前編では、マツリズムとオマツリジャパンという2つの団体の歩みや、祭りとの出会い、そして地域と深く関わる中で生まれた「祭りを支える意味」について語り合いました。後編では、話題は未来へと向かいます。マツリズムが実践する「おまつり先生の出前授業」をはじめ、子どもたちへの価値継承や教育としての祭りの可能性、そして非日常体験が紡ぐ人と人との絆について、さらに深く掘り下げていきます。
子どもを軸にした価値継承と新しい共助
加藤:マツリズムの活動ですごいなあと感じている、私が大好きな活動が、お子さんへの働きかけです。保育園や幼稚園、小学校にも出張授業に行っていると聞きました。どんなことをされているのか教えていただけますか。
大原:はい。「おまつり先生の出前授業」という活動をしています。主に2~3歳児から小学校低学年ぐらいの子どもたちを対象に、保育園や幼稚園、小学校に私が出向いて、あるいはオンラインで、祭りの楽しさと本質を伝える授業です。コロナ以降初めて実施し、これまでに約15回実施しました。
加藤:年齢層の幅が広いですが、教え方はどう違うのでしょうか。
大原:言葉を使用するかどうかが一番大きな違いだと思います。2〜3歳児にはお祭りに関する絵本を読み聞かせたり、紙芝居を使ったりして、ビジュアルで話を進めます。また、祭りの道具ーー法被や足袋などを触ってもらう体験を提供します。
加藤:なるほど、体験を通じて伝えるんですね。
大原:はい、それでかなりの部分を伝えることができます。さらに、自分が祭りに参加したときの写真や映像を見てもらったり、実際に踊ってみせたりします。保育園でも神社に散歩に行ったりすることがあるので、その体験とつなげて、「どこかの神社に行ったことがあるかな?お祈りをしたことがあるかな?」と聞いたりもします。
加藤:自分の体験とリンクさせるのですね。
大原:そうです。「これが祭りなんだよ」と伝えています。ちゃんと届いているかどうかはまだわかりませんが、小さな子どもに祭の本質を伝えるチャレンジは、自分にとって重要なことだと感じています。子どもたちは長時間集中するのが難しいので、休憩を挟んだり場面転換をするなど工夫をしています。

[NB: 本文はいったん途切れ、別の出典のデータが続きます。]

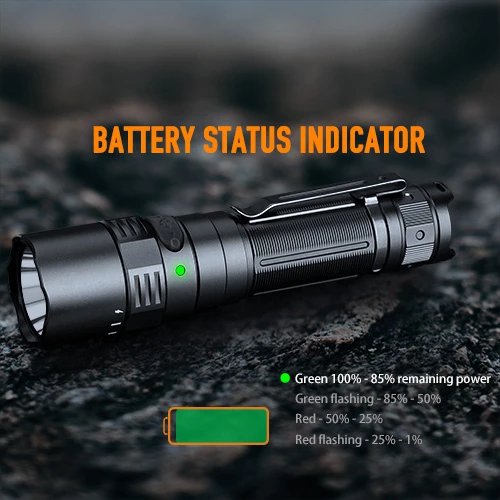 Buy ๐ Automotive Repair Flashlights Fenix PD40R V2.0 Rechargeable Flashlight | 3000 Lumens โ๏ธ 5 Buy ๐ Automotive Repair Flashlights Fenix PD40R V2.0 Rechargeable Flashlight | 3000 Lumens โ๏ธ - Image 3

加藤:確かに。私の息子は今4歳ですが、大きくなったら何になりたいか聞いたら、「締太鼓の人」って言うんです。多分、阿波踊りに行ったときに太鼓を触ったからだと思います。体験とのつながりの話にすごく納得しました。
大原:それは面白いですね(笑)。さすが加藤さんの息子さんです。内容としては、地域の保存団体や地域の担い手が普段行っている芸能の普及活動も含まれていますが、現状に合わせたアプローチも必要です。また、保育士さんに課題をヒアリングしたところ、園のイベントとして夏祭りを行ったり、おみこし作りなど行なっているものの、本来的に子どもたちに伝えたい「年中行事としての祭り」と実際にやれることのギャップに悩んでいると。コロナ禍や熱中症のリスク、人手不足などの課題により、本当にやりたいことがなかなか実現でききずジレンマを感じていると伺いました。そこにニーズがあるのであれば、実際に全国の祭を体験し子どもたちに伝えることのできる人が間に入ることで、少しでもそのギャップを埋められるようなパッケージを作りたいと思ったんです。

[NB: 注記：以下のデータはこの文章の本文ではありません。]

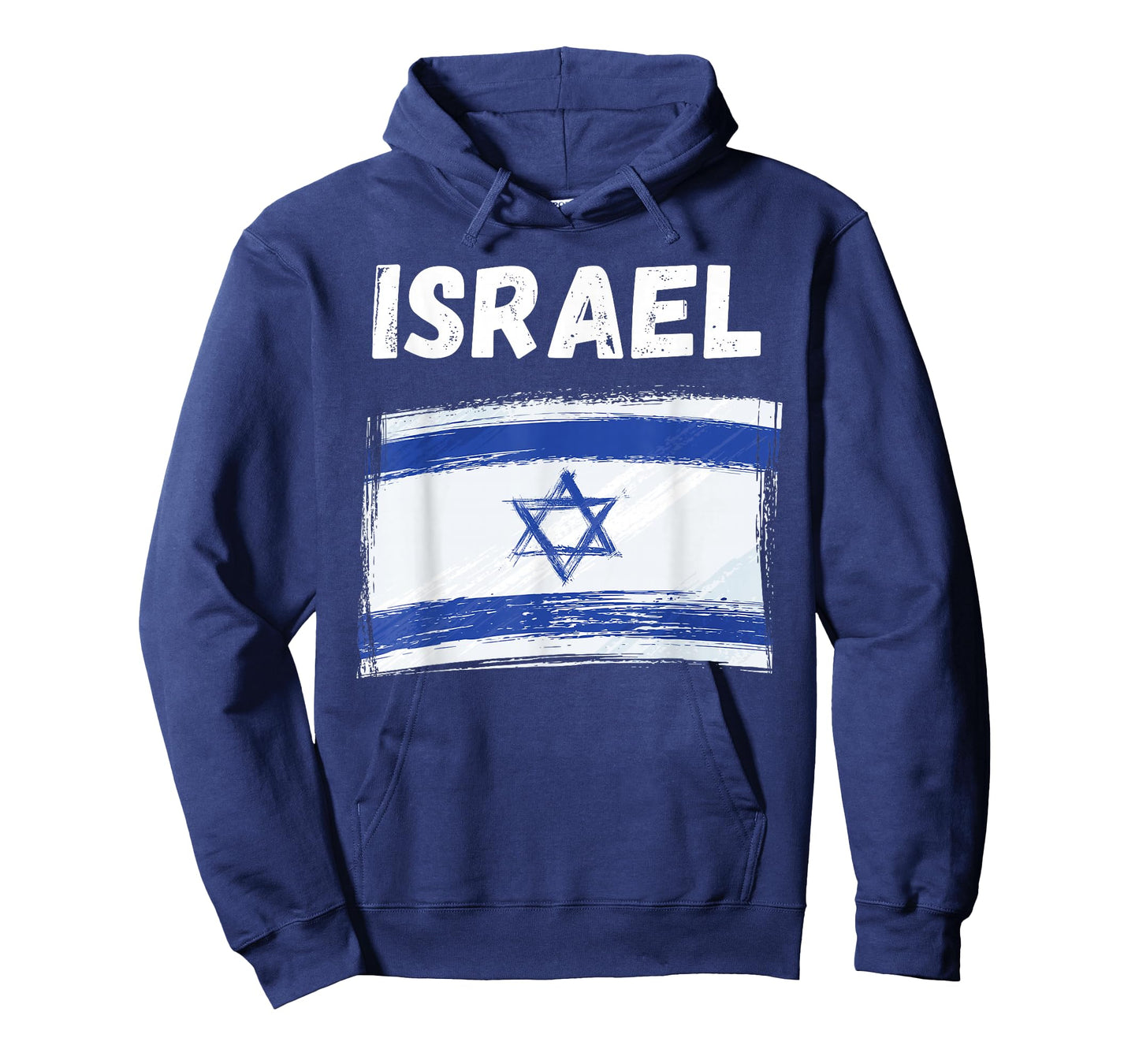 Israel Flag Holiday Vintage Grunge Israeli Flag T-Shirt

加藤:それは素晴らしい考えですね。私も祭りを未来につなげていくには、最終的には子どもたち、特に未就学児や小学校低学年の子どもたちにいかに祭りの本質に触れて体験してもらえるかが重要だと思っています。大原さんのお話を聞いて、それが大事だということを改めて実感しました。ただ、それを広めていくにはどうすればいいと思いますか?
大原:教育の中に入り込むのに成功していて、子どもたちに認知度が高いものとして「ソーラン節」が挙げられると思います。

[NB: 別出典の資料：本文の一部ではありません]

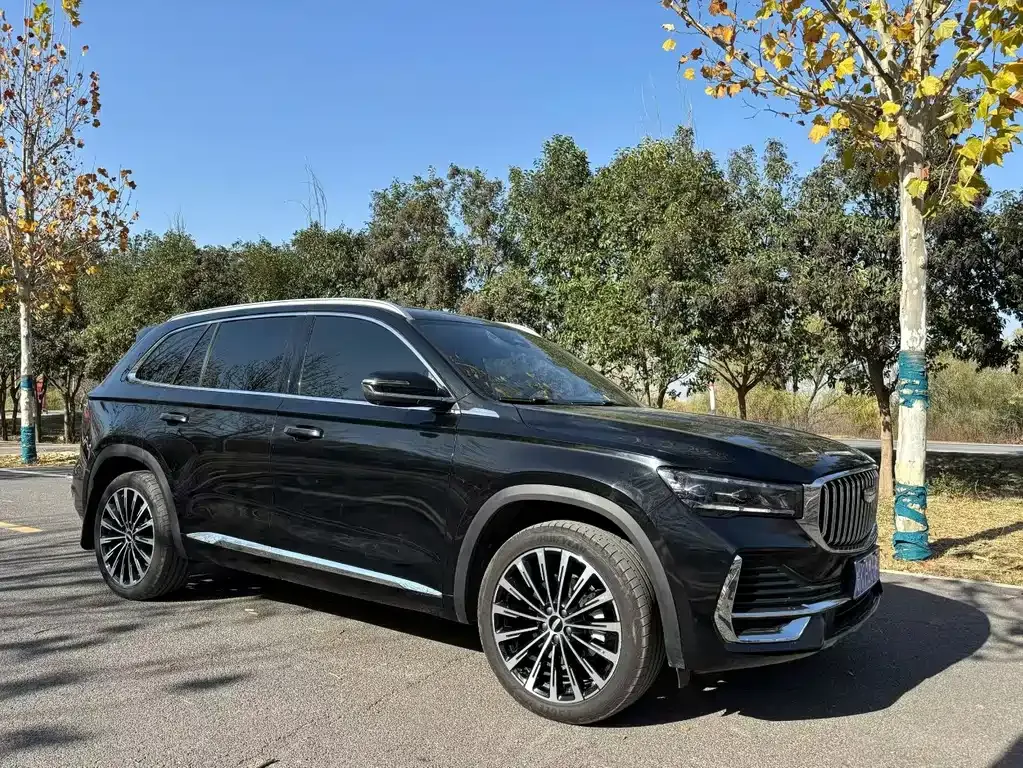 Geely Xingyue L — фото 3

大原 学(おおはら・まなぶ)1983年、神奈川県南足柄市出身。2007年早稲田大学人間科学部卒。在学中に祭りの魅力に目覚め、米国留学時にはソーラン節の普及活動を行う。日本GE株式会社、NPO法人クロスフィールズを経て、2016年11月「一般社団法人マツリズム」設立。祭りを通じた地域活性化や文化継承に取り組む。1児の父。
加藤:そうですね!
大原:僕らの時代では『金八先生』などのドラマで中学生たちが踊るシーンがありました。それも影響して、運動会の教材としても組み込まれるほどの普及度を誇っています。親もある程度のリテラシーを持っていて、動画を見ればなんとなくできるという点で、パッケージ化に成功している例だと思います。
加藤:ソーラン節は運動になるので良いですよね。体幹トレーニングになる!
大原:そうそう(笑)。ただ、ソーラン節と「祭り」が子どもたちの中でリンクしているかと言われると、必ずしもそうではないですよね。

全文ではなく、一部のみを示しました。